PaperStrange/AIProjectManger

Installation and Instruction
Project Motivation
Branch Description
A proposed project structure
Instruction to deploy
To-dos
Licensing, Authors, and Acknowledgements

Installation and Instruction

Nothing need to be installed or updated to run this project.

This project mainly focuses on a disciplined and better-arranged AI project structure. By default, project is divided in sicx parts: data, download, model, submit(for competitions like kaggle), timeline, utils.

Commonly, whole steps of AI project include three parts such as data pre-processing, model training, testing, deploying and post (by different platforms, like website or APP). Corresponding to different steps, different folder is expected to be used.

For the first data processing step, folder data is used to store raw (data_raw child folder) or processed data (data_processed child folder) as well as processing description files or tricks (collector child folder). Folder download is used to store the downloaded model kernels in each child folders assigned by the correlated kernel name + platform name;
For the second training, testing, deploying step, folder model is used to store save models (saved_models child folder), jupyter notebooks, model tuning tricks or experiences (collector child folder).
For the third post step, folder submit is used to store all kinds of posting files. Especially for AI competition, each submit could be recorded in results.md.

Besides, folder timeline is used for the project management, for example, storing different versions of project timeline files. Some common-used tools to accelerate the construction of AI project are stored in folder utils which is easy to be expanded as you like. Further descriptions for each folder or child folder, child file are listed in the sheet below.

Project Motivation

In this project, I was interested in how to create a common-used file structure to make machine learning projects more organized and more readable.

Branch Description

Master branch only contains the general descriptions of this project.

Full version of this file structure is introduced in "template" branch in detail. "develop" branch contains TODOs which haven't been checked and reviewed.
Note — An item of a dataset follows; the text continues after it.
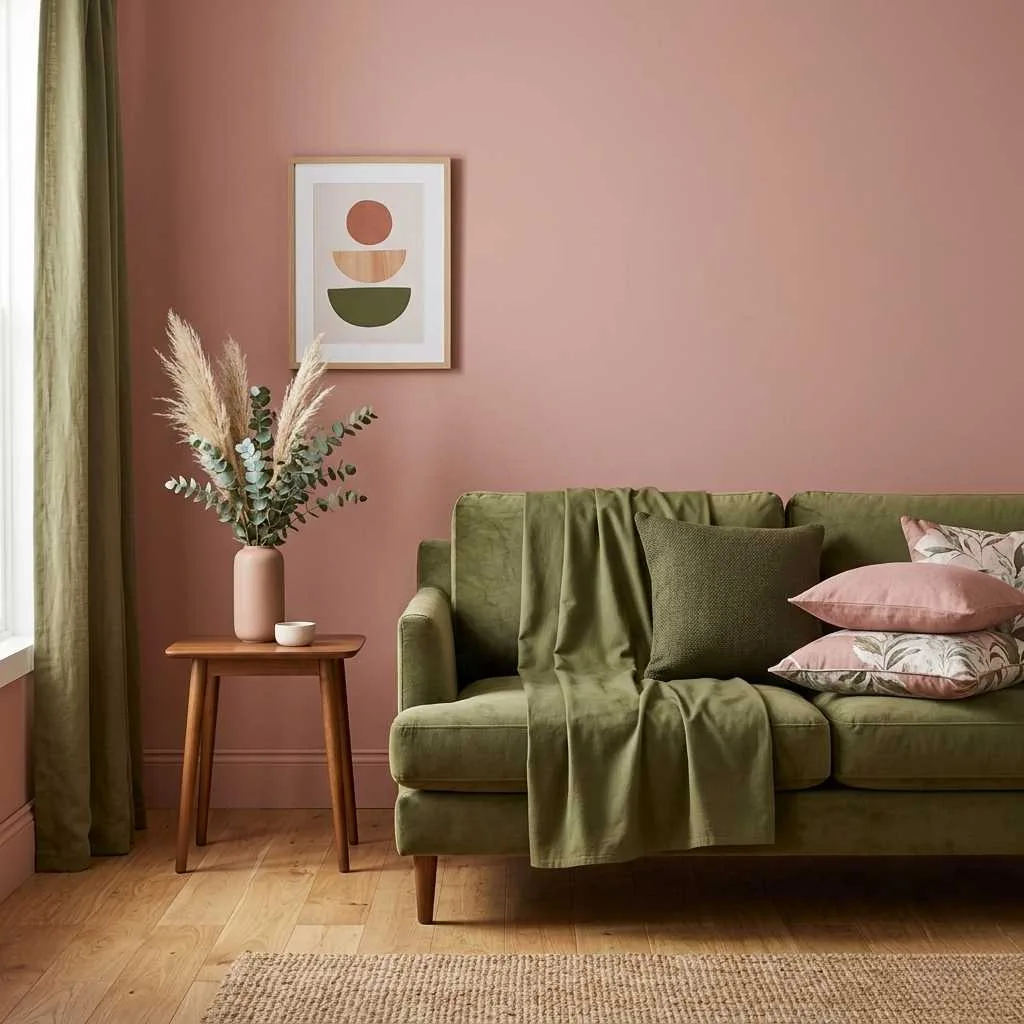 15 Earthy Pink Bedroom Design Ideas 6 Earthy Pink and Olive Green Palette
The applications of this file structure are displayed in several branches named by "ie_xxx" respectively.

A proposed project structure (the same as what is shown in "template" branch)

Name	Description
data/	a folder containing data and data description
data/collector	a folder containing data description (e.g. data type) files
data/data_processed	a folder containing data files after processed
data/data_raw	a folder containing raw data obtained by direct downloading or spiders like scrapy and so on
--	--
model/	a folder containing jupyter notebooks of different modeling and descriptions (e.g. loss) for modeling
model/collector	a folder containing description files for modeling
model/save	a folder containing files of saved models
model/submit	a folder containing files of each submit for competition
--	--
timeline/	a folder containing files indicating specific time arrangement of different competition period
--	--
utils/	a folder containing scripts or jupyter notebooks for the whole data processing
utils/pipeline	a folder containing template python scripts used for a quick start of pipline construction
utils/pipeline	a python script to show the example of ETL pipeline using sklearn pakage
utils/pipeline/pipeline.md	a markdown file to record my design thinking of pipeline
utils/spiders	a folder containing spiders used for obtaining data online
utils/test	a folder containing several testing codes
utils/test/situation_test	a folder containing codes for situational test
utils/test/situation_test/nexus.ipynb	a jupyter notebook containing records for different nexus in a specific business situation
utils/test/unit_test	a folder containing unit test codes for better TDD
utils/test/unit_test/test_data_processing.py	a python script containing unit test codes for data processing procedure
utils/data_process.ipynb	a jupyter notebook containing all needed data processing process during the competition
utils/data_process_tricks.ipynb	a jupyter notebook containing all useful trciks of python packages learned during the competition
--	--
README.txt	a file containing all descriptions of this repository for new user
requirements.txt	a file containing all required packages of `python` for checking
coding_style.md	a markdown file to record my design thinking of coding style such as name, comment and docstring, re-construction

Instruction to deploy

clone or download all repository with master branch
read all descriptions listed in the section "A proposed project structure" of this README.md file carefully, make sure get the idea of the usage of each folder and each file.
Guided by the management of your project, use the specific folder and file templates to accelerate the accomplishment of specific tasks. For example , when preprocessing data , use the template notebook "data_process . Ipynb " and "data_process_tricks . Ipynb " located in " utils " folder to assist programming , while building model , the folder " model " and other notebooks in " utils " folder will be helpful .

To-dos

:memo: Goals which i want to achieve at now:

minimize the cost of familiar and maximize the flexiblity

:memo: Functions which is not for consideration for the moment

connects data processing and modeling
deploy this organizations online by flask, Django .etc

Licensing, Authors, Acknowledgements

This repository is distributed under the GNU license.

Must give credit to everyone whoeve commited to the open community! Anyway, feel free to use the code here as you would like!